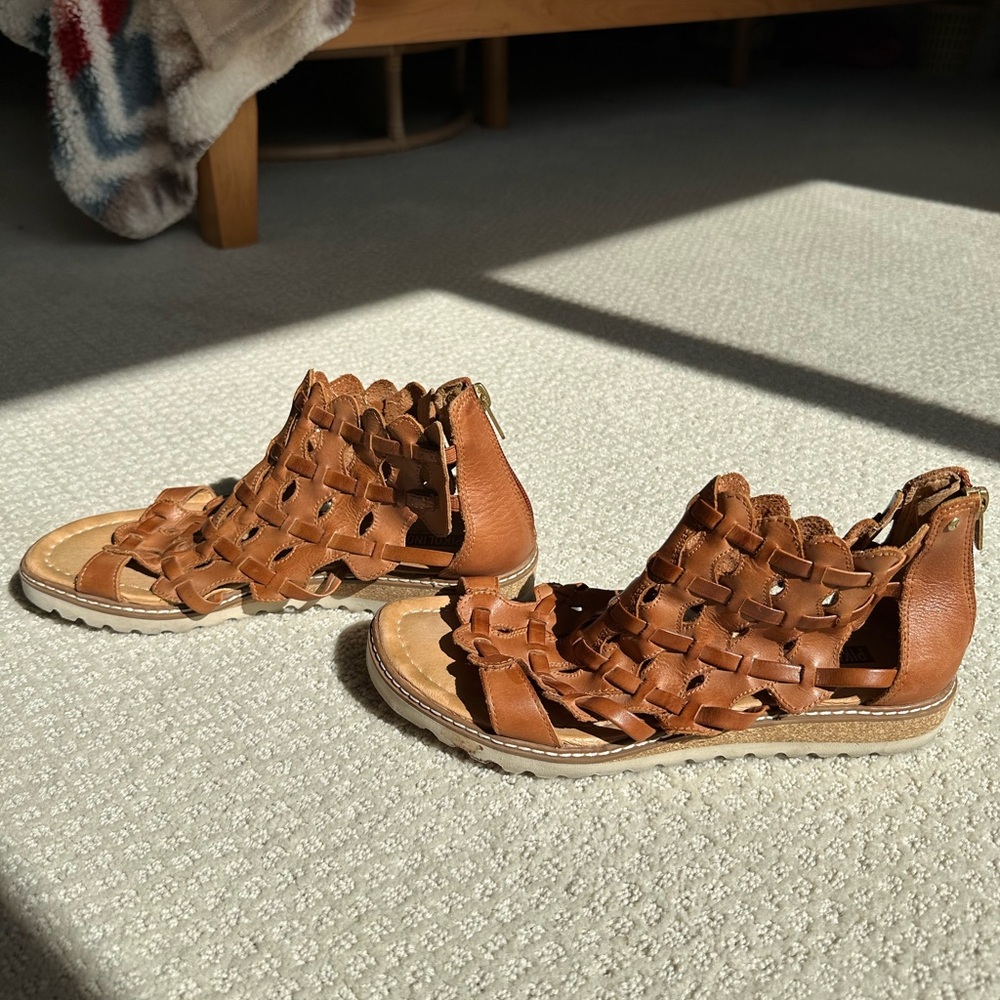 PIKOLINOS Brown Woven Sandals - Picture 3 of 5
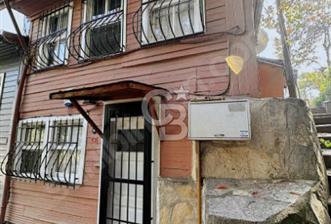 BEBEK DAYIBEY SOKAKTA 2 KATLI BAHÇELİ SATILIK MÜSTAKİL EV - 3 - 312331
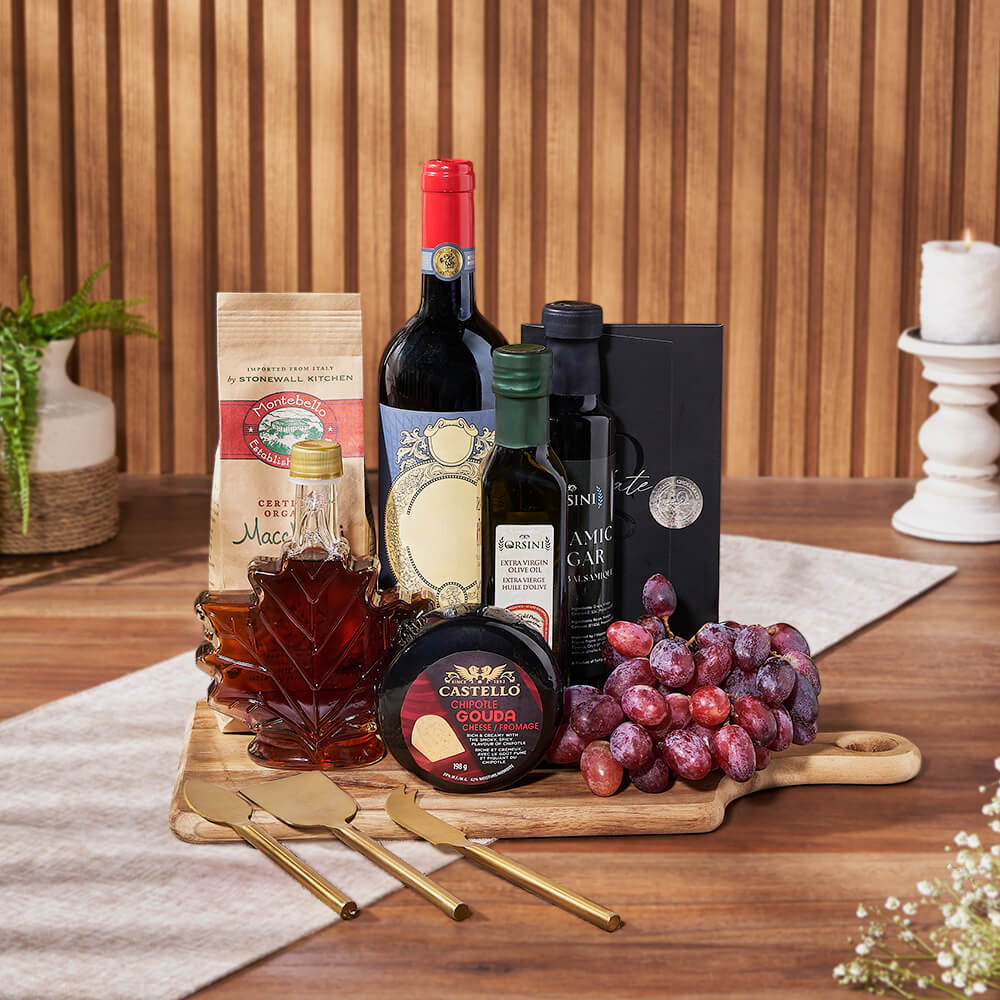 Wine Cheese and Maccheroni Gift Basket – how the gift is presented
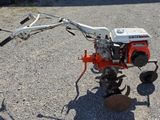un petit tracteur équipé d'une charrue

◇ ◇ ◇ ◇ ◇

### Try it
With pictures omitted, reproduce exactly the lines from the line containing "BEBEK DAYIBEY SOKAKTA" through the end of the data above.

### Solution to this task
 BEBEK DAYIBEY SOKAKTA 2 KATLI BAHÇELİ SATILIK MÜSTAKİL EV - 3 - 312331
 Wine Cheese and Maccheroni Gift Basket – how the gift is presented
un petit tracteur équipé d'une charrue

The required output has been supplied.